How to complete this task
Return an exact copy of the lines from the one holding "Peter Gabriel na" to the end of the data, including both the starting and final lines. Leave the pictures out.

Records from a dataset
══════

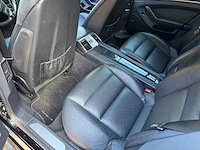 Porsche panamera diesel - afbeelding 5 van  25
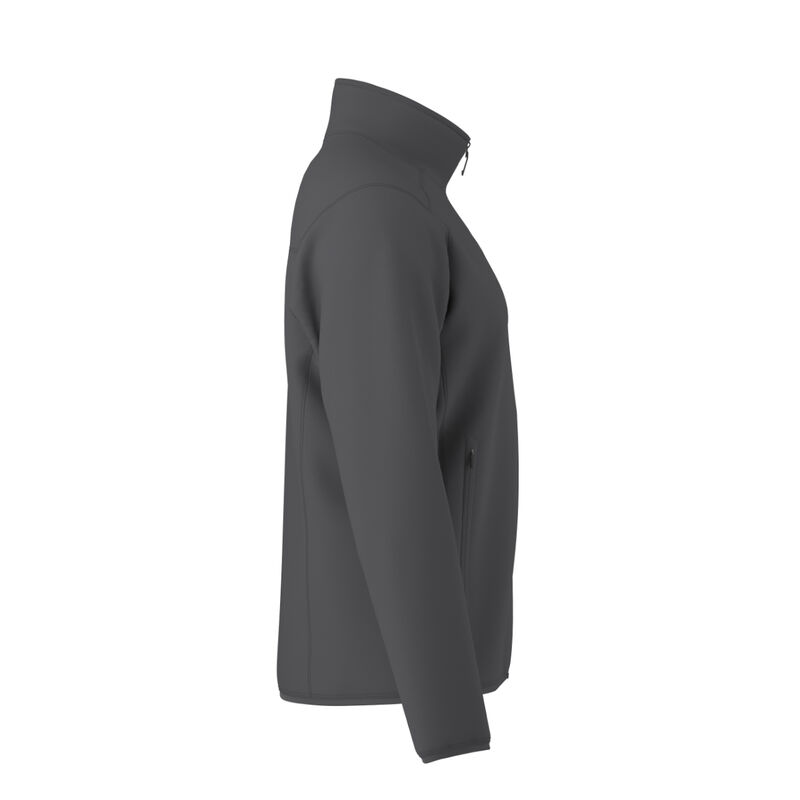 Arc'teryx Kyanite Jacket Mens image number 2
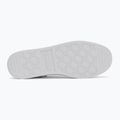 Dámské boty Tommy Hilfiger Th Heritage white 4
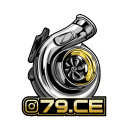 BRN SERVER Discord Server Icon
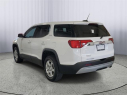 Thumbnail image of 2019 GMC Acadia at Seelye Kia of Kalamazoo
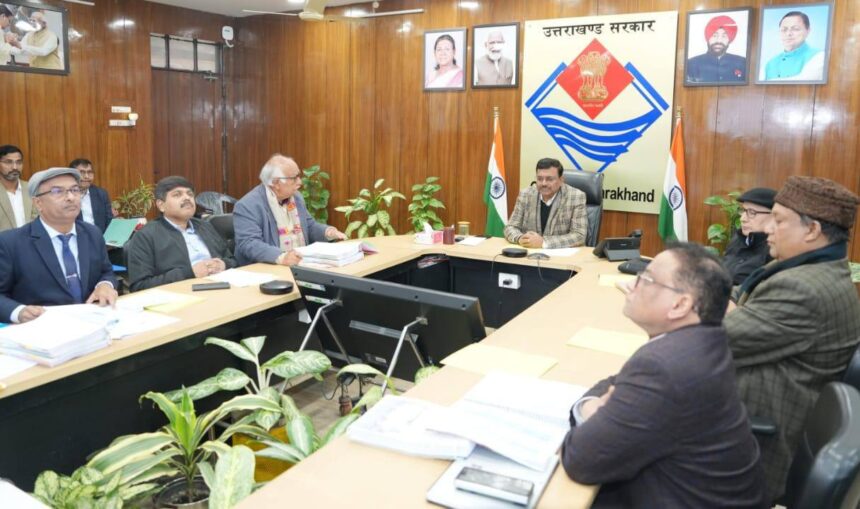 614398760 1187598080209888 6142751901262487097 n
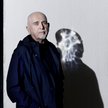 Peter Gabriel na nowej płycie proponuje nowy świat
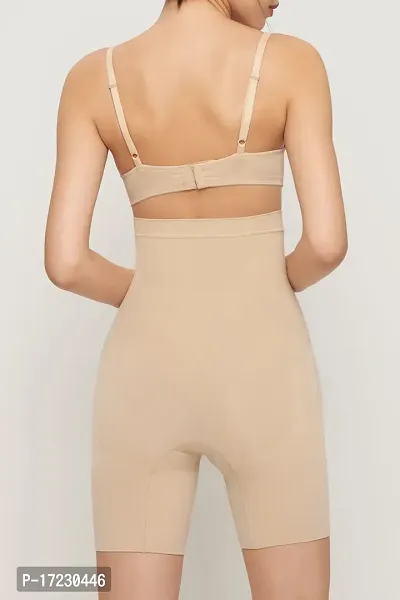 Fashion Women Shapewear-thumb2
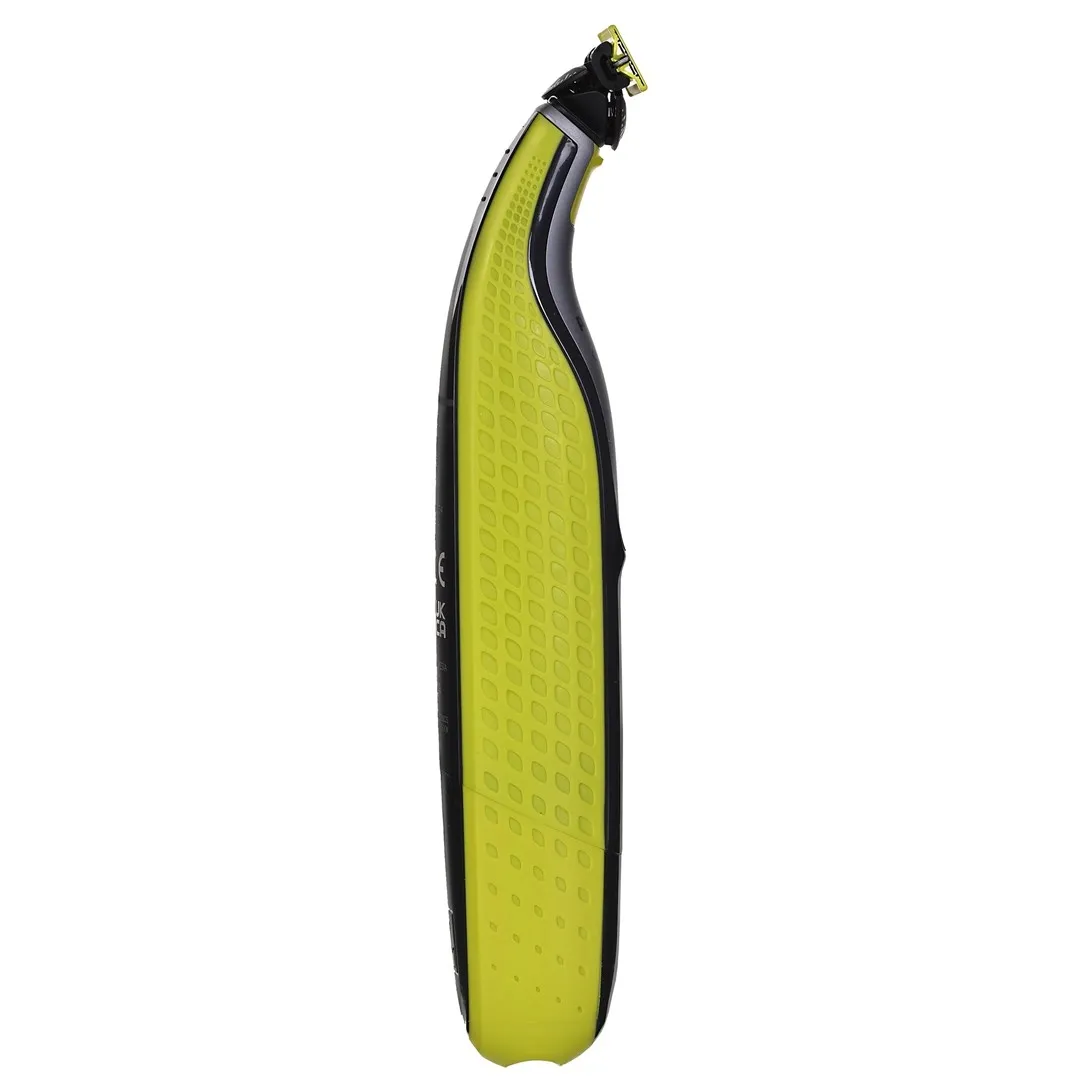 golarka-philips-oneblade-360-qp-2834-23-stan-nowy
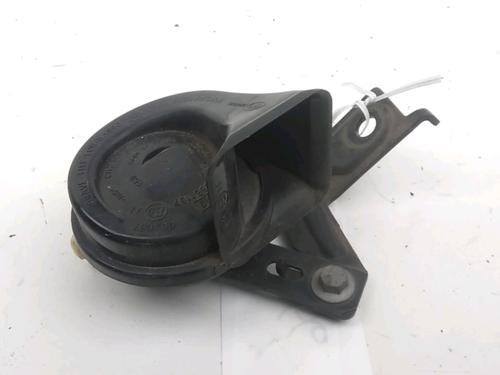 Horn RENAULT TRAFIC III Van (FG_) 1.6 dCi 140 (FGMA, FGMC) | BP33860267E13 - Image 2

══════

Expected answer
 Peter Gabriel na nowej płycie proponuje nowy świat
 Fashion Women Shapewear-thumb2
 golarka-philips-oneblade-360-qp-2834-23-stan-nowy
 Horn RENAULT TRAFIC III Van (FG_) 1.6 dCi 140 (FGMA, FGMC) | BP33860267E13 - Image 2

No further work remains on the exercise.